Welcome to the Neighborhood!  Glad you could stop by.

When I was growing up, my mother used to drive me and my brother crazy making lists for everything — grocery lists, chore lists, homework lists, lists of lists to keep track of her lists.

So I’m sure she’ll be pleased to see me start off this blog with a list.

Here are Eleven Things That Didn’t Exist on September 11, 2001:

  • Facebook
  • Twitter
  • #hashtags
  • American Idol
  • The TSA
  • Homeland Security
  • iPads
  • iPhones
  • iPods (!)
  • Parents filming sixth-graders on iPads/iPhones/iPods
  • Today’s sixth graders

If you’re an adult, you probably remember exactly where you were on 9/11.

If you’re a sixth grader, you probably weren’t even born yet.

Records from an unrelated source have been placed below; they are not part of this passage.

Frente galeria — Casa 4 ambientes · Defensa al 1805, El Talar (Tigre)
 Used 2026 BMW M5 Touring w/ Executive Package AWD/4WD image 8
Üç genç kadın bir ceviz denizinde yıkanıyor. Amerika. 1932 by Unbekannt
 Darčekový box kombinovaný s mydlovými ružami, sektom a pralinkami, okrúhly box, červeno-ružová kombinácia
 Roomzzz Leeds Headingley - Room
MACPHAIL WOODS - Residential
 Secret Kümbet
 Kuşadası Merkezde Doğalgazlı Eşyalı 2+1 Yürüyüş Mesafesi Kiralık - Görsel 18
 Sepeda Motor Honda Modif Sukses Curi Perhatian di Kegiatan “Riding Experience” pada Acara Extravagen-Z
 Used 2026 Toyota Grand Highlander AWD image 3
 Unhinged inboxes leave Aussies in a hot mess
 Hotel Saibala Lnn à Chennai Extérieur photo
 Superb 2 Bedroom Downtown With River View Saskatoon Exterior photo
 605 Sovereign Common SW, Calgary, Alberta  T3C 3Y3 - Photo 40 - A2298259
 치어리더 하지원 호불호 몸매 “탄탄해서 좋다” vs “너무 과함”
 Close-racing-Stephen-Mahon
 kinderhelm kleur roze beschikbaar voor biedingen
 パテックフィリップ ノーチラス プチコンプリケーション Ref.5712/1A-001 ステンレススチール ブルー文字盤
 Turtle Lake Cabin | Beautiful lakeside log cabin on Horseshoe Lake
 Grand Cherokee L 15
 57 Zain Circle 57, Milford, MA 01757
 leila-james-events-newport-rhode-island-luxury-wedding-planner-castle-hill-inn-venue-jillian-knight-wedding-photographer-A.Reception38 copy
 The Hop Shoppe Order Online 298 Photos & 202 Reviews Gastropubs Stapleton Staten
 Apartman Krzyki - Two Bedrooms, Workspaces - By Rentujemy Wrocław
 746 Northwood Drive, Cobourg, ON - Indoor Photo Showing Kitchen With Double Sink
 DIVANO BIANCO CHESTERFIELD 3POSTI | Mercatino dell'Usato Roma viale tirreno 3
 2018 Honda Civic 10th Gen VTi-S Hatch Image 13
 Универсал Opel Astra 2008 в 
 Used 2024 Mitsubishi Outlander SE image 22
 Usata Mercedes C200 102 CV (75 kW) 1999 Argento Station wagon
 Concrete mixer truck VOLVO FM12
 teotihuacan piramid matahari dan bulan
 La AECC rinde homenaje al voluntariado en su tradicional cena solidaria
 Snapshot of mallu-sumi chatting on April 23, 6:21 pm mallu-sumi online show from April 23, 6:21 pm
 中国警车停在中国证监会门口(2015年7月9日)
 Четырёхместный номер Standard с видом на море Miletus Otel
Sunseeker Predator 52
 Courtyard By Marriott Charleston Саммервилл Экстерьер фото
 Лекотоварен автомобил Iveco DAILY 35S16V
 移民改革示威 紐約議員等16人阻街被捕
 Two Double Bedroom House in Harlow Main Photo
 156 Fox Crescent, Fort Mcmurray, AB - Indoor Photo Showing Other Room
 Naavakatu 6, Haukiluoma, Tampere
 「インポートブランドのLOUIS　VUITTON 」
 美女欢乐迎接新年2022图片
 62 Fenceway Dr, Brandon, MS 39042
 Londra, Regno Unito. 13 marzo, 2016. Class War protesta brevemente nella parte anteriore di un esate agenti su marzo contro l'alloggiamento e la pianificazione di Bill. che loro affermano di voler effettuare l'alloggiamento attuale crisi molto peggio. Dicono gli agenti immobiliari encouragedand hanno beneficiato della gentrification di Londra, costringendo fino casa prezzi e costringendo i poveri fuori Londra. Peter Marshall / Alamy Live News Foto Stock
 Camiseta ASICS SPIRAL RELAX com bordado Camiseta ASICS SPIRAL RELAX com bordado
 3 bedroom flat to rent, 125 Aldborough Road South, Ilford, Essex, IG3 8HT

I can still recall the details of that day with startling clarity:  living in Los Angeles, we woke up to news of the disaster on the Today Show.  I remember standing at the foot of the bed, one sock on, staring in disbelief at the footage of airplanes flying into buildings.  There were rumors of more attacks coming on the West Coast; we could see downtown from our house and kept counting the buildings and watching for smoke.  I remember how the normally busy skies grew eerily empty as no more planes were allowed to fly.  A friend gathered a bunch of us together for a quiet dinner that night.  I remember every face at that table.

It’s still so vivid to me that it’s easy to forget that most kids today have no memory of that time.  It’s as remote to them as the Korean War was to me.

Still, if you’re a kid, you’ve probably heard about 9/11, and maybe you want to know a little bit more about it.  What happened that day, and why’s it such a big deal?  Why do adults get quiet when they talk about it?  Was it all bad, or did anything good come out of it?

What was it like to be a kid that day?

That’s why I decided to write this book, eleven, to help young people who weren’t even alive then begin to understand not only the difficult events of that day but also the heroism displayed by ordinary men and women, the kindness shown by strangers to strangers, and what it felt like when this entire country came together as friends and neighbors.

I also wanted a good excuse to write about a dog.  (Radar says hi.  He has promised to take over this blog from time to time but agreed to let me have the first post.  Watch for him hanging out at Radar’s Corner.)

So I’ll be posting regularly here to talk about reading, writing, publishing, dogs, 9/11, dogs, old people, young people, books, teachers, school, our country, our world, and dogs.

Welcome to The Neighborhood.  Stop by anytime.